I'll add that I'm kind of leaning toward saying that the representation be ${FFFF} or $"FFFF" as opposed to using & to replace #. This is more of a nod to historical $ sign for hex... leaves & free for other applications...and gives the ability to put characters in quoted strings cleanly, like:

rebElide("some-char: #{c}");

Although that particular case can be done without delimiters as #c ... but we need to work through what is and isn't legal to do without quotes or braces.

iArnold · January 27, 2021, 8:20pm

In COBOL the BINARY got replaced by COMPUTATIONAL or COMP.

It is indeed a little remarkable that there is not an arbitrary length bits field. Just enough bits for all flags used. But then again the whole memory is divided in words of some bytes length.

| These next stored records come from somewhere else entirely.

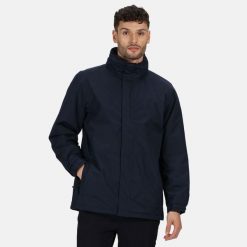 Kurtka Męska. Niebieskie kurtki męskie Regatta, l, bez wzorów, z elastanu, z kapturem. Za 222.99 zł.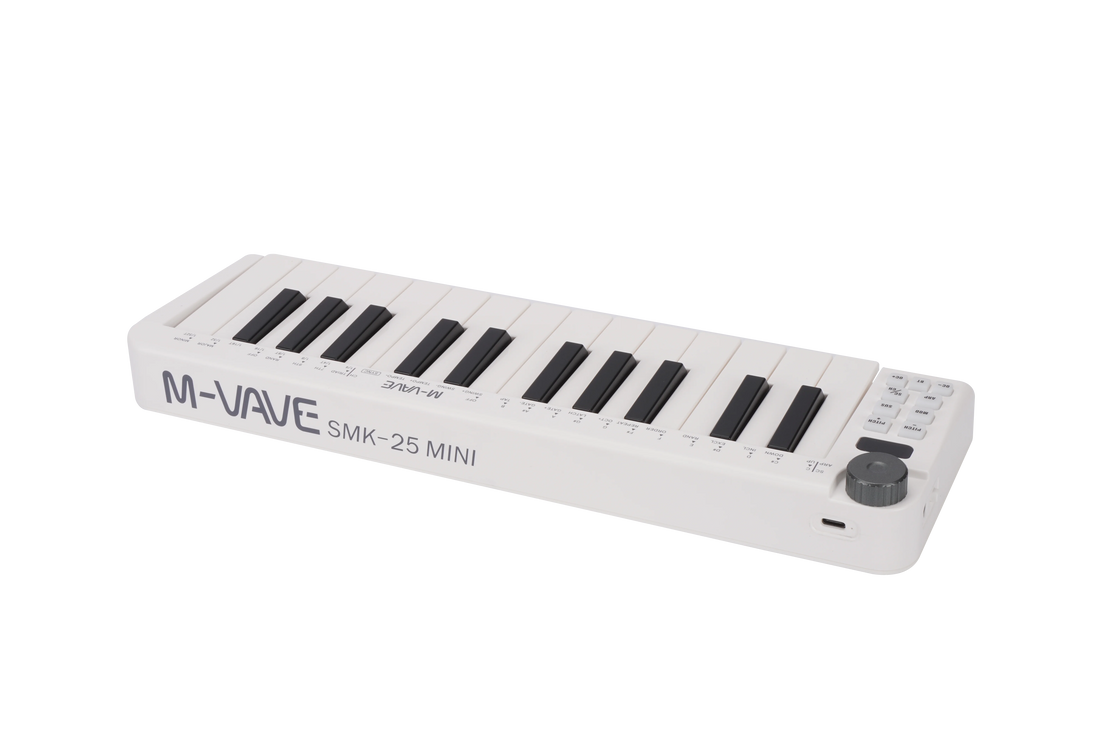 M-VAVE SMK25 Mini Compact Wireless MIDI Keyboard detail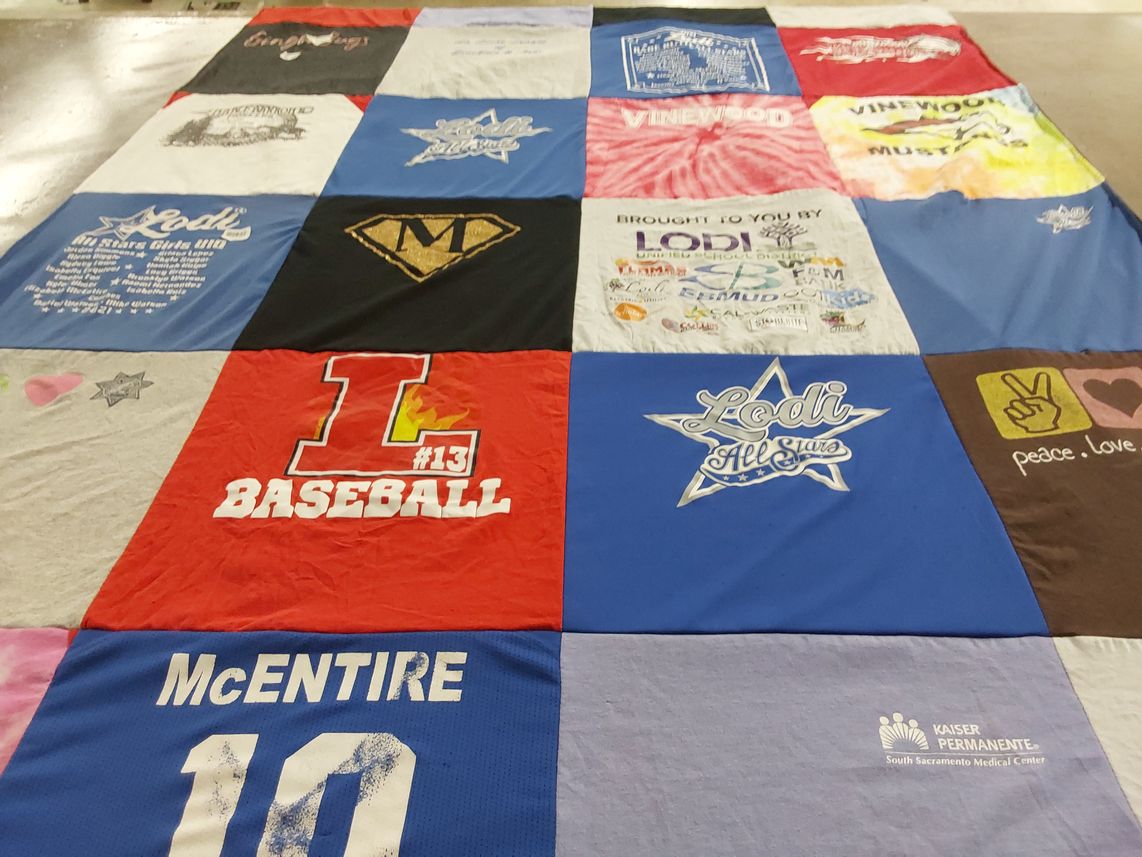 T-shirt quilt featuring lodi baseball by Ann-Marie from CA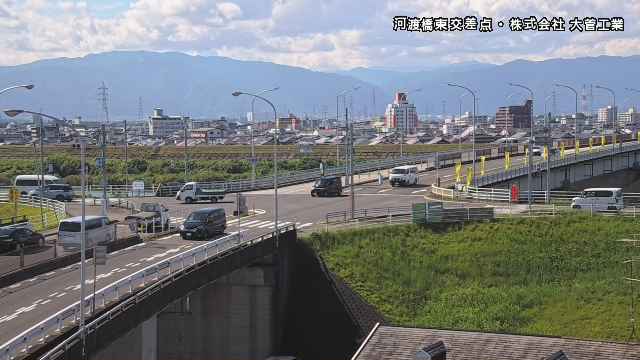 河渡橋東交差点・株式会社 大菅工業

I think I do remember the $ hex notation being used....

hostilefork · July 3, 2022, 3:17am

I'm going to bring this back up, because binary is a very overused term.

If I said "Hey, can you get me the binary for that?" I'd generally be asking for an executable format file.

The common language use of binary is to say "one of two options". One might in this context imagine that the BINARY! type was actually LOGIC!.

And of course it can mean base-2, e.g. hexadecimal "FE" is "11111110" in binary

With all the other renamings, I don't think it would hurt to have a better name for BINARY! Redbol can of course stick with that and PAREN! and whatever else.

I actually think BYTES! is not bad.

It's plural.
It's shorter.
It's unambiguous (well, on today's machines; a "byte" could be 7 bits or otherwise on old machines. But that's not what anyone would mean today--while the confusions over binary are still very present in use)
It directly mentions the granularity at which you can step through, insert, or remove items--you can manipulate it on the byte level, and only have round numbers of 8-bit bytes

But if you want to talk about trends out and about in the world, it seems that BLOB! is pretty common for data of arbitrary content.

It's one more character shorter.
It's what JavaScript has decided to call such things.
A lot of SQLs call it this too.

I can't think of too many other obvious possibilities. DATA! is really too generic. CDATA! is an XML-ism that deserves to die along with the rest of XML.

Anyone have a visceral feeling about BLOB! vs. BYTES! vs. your-suggestion here?